Decarbonising the agriculture sector is a complex and multifaceted challenge. Agriculture is heavily reliant on fossil fuels for energy, from fuelling farm machinery to providing heat and electricity. Decarbonising the sector will require a range of solutions that address both the direct and indirect emissions associated with agriculture. It will also require a coordinated effort from farmers, policymakers, and industry stakeholders to transition to low-carbon farming practices, develop and implement new technologies, and build more sustainable supply chains. This article discusses the potential for biodiesel and renewable diesel as alternative fuels for the transition.

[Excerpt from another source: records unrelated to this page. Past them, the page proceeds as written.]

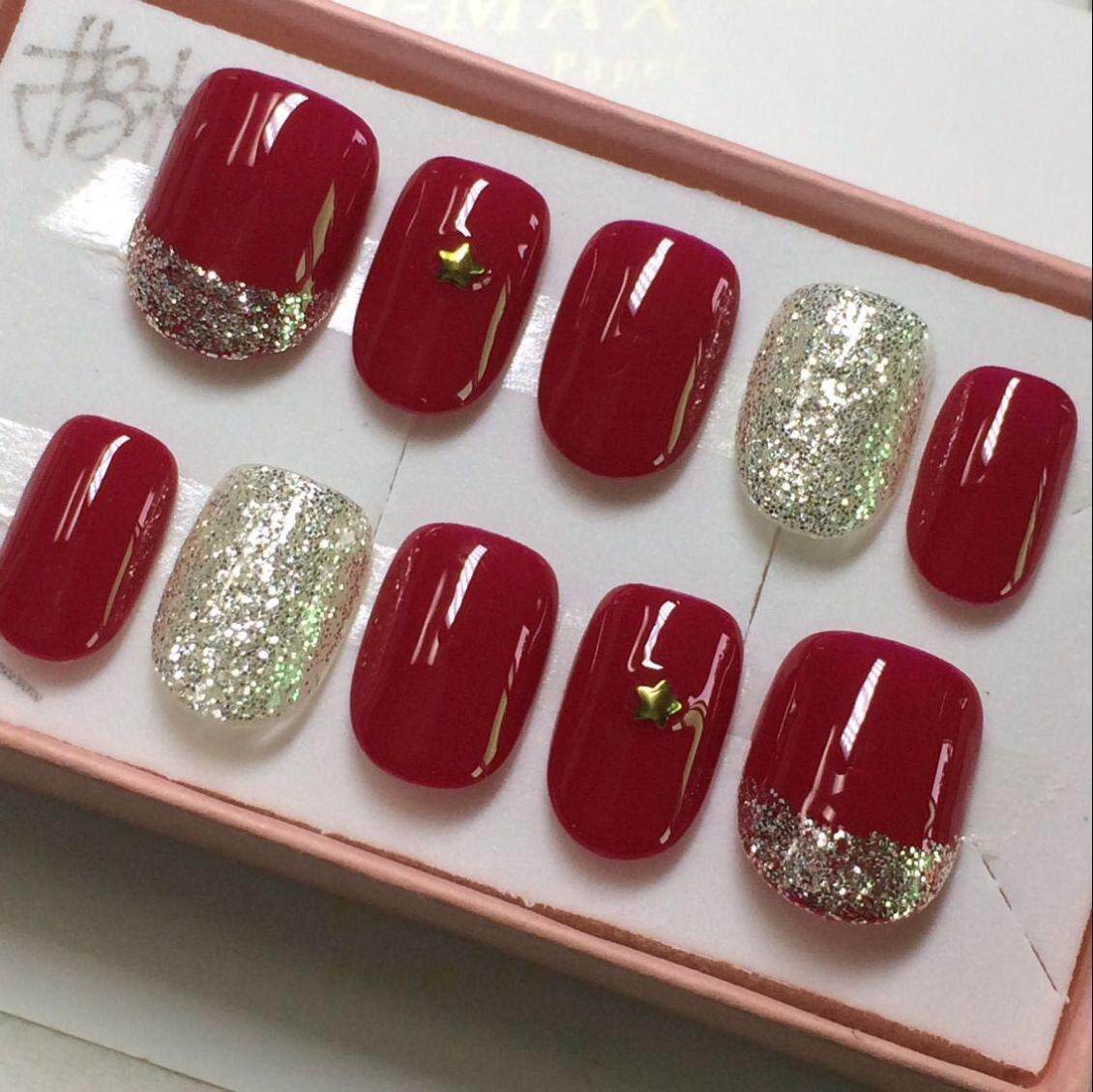 星星柳丁美甲成品贴片酒红色手工定做假指甲银色法式淡雅手指甲片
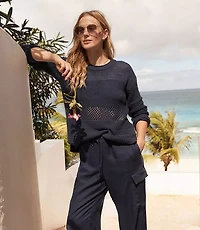 Haven Well Within Organic Cotton Open Stitch Crewneck Sweater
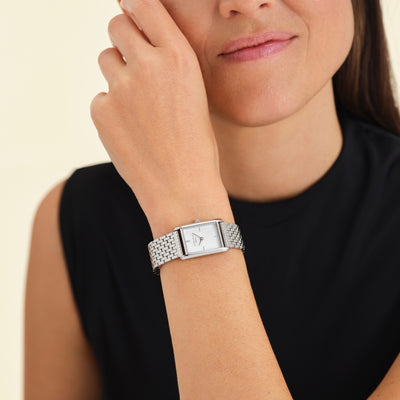 Rosefield Heirloom Silver Watch modelled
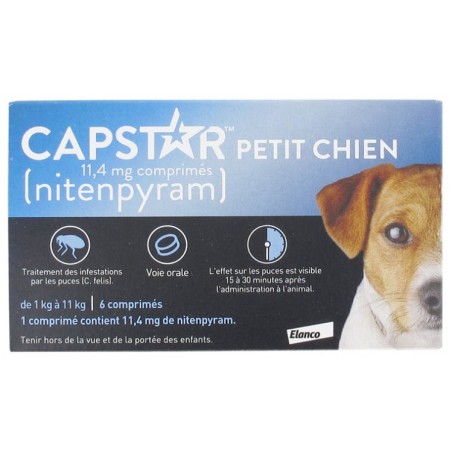 Capstar 11.4 mg - Antiparasitaires Chats et Petits Chiens de 1 kg à 11 kg - 6 Comprimés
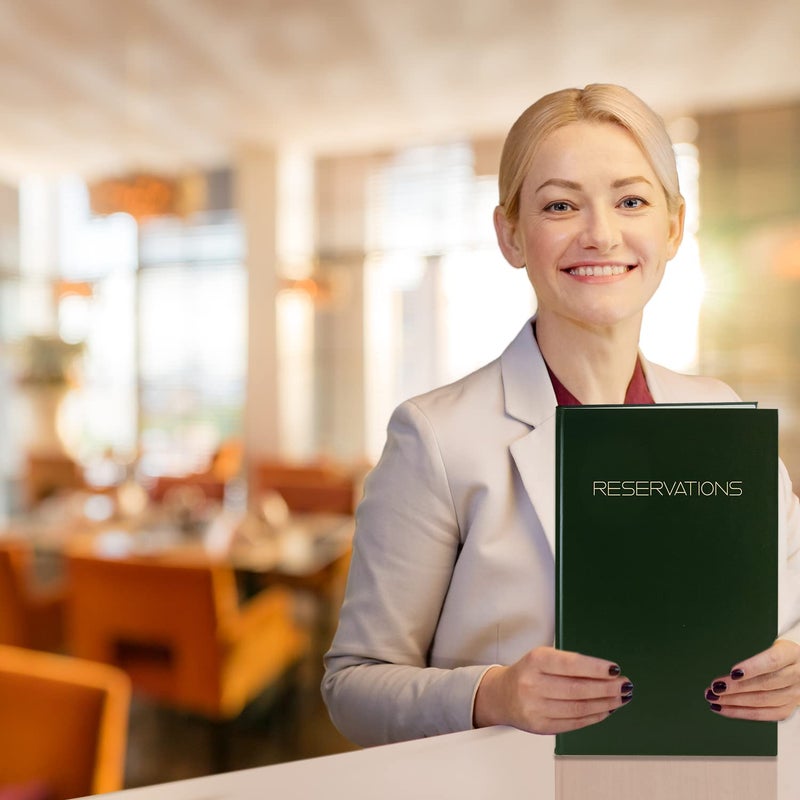 BookFactory Restaurant Reservations Book, 365 Day Table/Dinner Reservations 408 Pages, 8 7/8'' x 13 1/2'' Green Imitation Leather, Section Sewn Hardbound (Made in USA) - Image 3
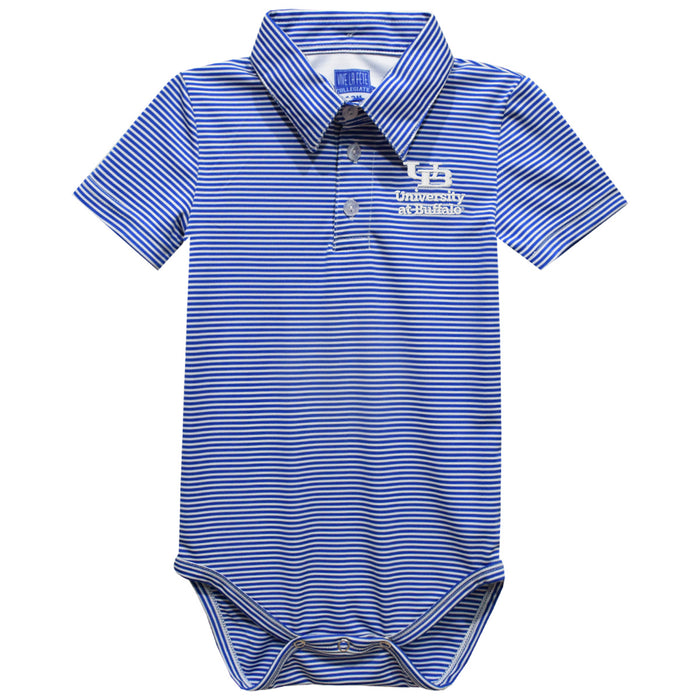 University at Buffalo Bulls Embroidered Royal Stripes Stripe Knit Polo Onesie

The Australian agriculture, fisheries, and forestry sector consumes approximately 2.6 billion liters of petroleum diesel fuel each year, representing just below 10% of the sector’s greenhouse gas (GHG) emissions. Diesel is used to fuel stationary pumps, generators, heaters, as well as mobile machinery, while marine diesel fuels fishing trawlers. The transition from petroleum diesel fuel is driven by more than a demand for sustainability, the economic and fuel security drivers are also important. However, the transition away from diesel fuel use is a significant challenge that requires a coordinated effort to replace diesel equipment and transition the on-farm energy infrastructure, as well as energy systems and skills in communities and across regions.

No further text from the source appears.